I get a lot of emails from devotees who practice enquiry, and the most common complaint is: ‘It’s not working. Am I doing it right?’ I think the problem often is, when one starts doing enquiry, or in fact any spiritual practice, there’s an immediate buzz of some kind. You get some bliss, you get some peace, you get some happiness. There’s a kind of honeymoon period when everything goes very well, and this leads you to think, ‘That’s great! Another month and I’ll be enlightened.’
Unfortunately, that’s not the way it works. Those initial experiences wear off, and what you’re left with often is a mind that appears to be even busier than the one you started with.
There’s something about enquiry that opens a trap door to your subconscious mind. All kinds of things start pouring out once you start the practice. So, having a busy mind doesn’t necessarily mean that you’re doing it well or badly. It just means you have started a process in which hidden thoughts and desires start to emerge and have to be dealt with.
I would suggest a different metric for evaluating progress. You can tell if you’re doing self-enquiry well by how often you recollect that your attention has strayed from the inner sense of ‘I’ to the objects that the mind has latched onto. And then by how often you respond to that knowledge by withdrawing attention from these objects and putting it instead on the subject ‘I’ who is thinking or experiencing them. Taking attention away from perceived phenomena as soon as you notice your mind and attention are caught up in them shows the seriousness of your intent. It is this repeated commitment to rein in the flood of thoughts that shows you are making progress.
Each time you recollect that the mind is busy with thoughts and perceptions take it back to the ‘I’ who perceives the busyness. If you do this, then you are doing self-enquiry well. You are doing it properly. Incidentally, self-enquiry is a practice that shouldn’t be done with an expectation of results. Those expectations, if they arise, should be treated the same way that all thoughts are dealt with: withdraw attention from them and put it instead on the one who is thinking them.
Ultimately, all you can do is follow Bhagavan’s advice. Do self-enquiry vigilantly, persistently, as often as you can, and leave the results to him.
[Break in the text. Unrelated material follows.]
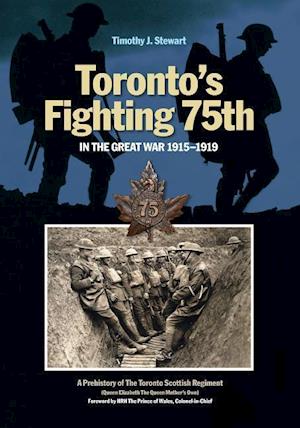 Toronto's Fighting 75th in the Great War 1915-1919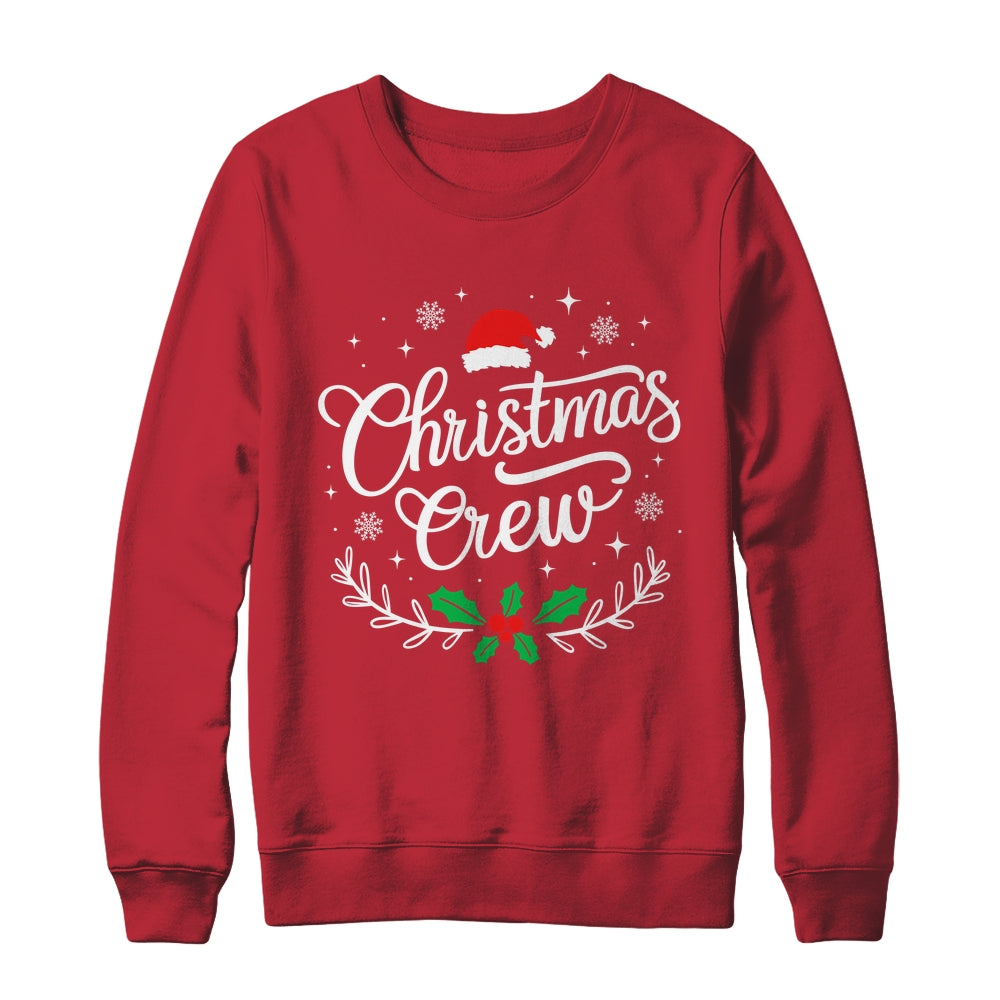 Christmas Crew Family Group Matching Christmas Xmas Party Shirt & Sweatshirt | siriusteestore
I don’t think anyone who is doing self-enquiry has a capacity to ascertain how much progress they’ve made: how far they’ve come, how far they have to go. That’s not your job. Your job is to keep tabs on the mind, to keep a check on where your mind is going, and each time that you recollect that your mind has gone somewhere other than the “I” thought, to bring it back to the “I” thought and hold it there as long as possible.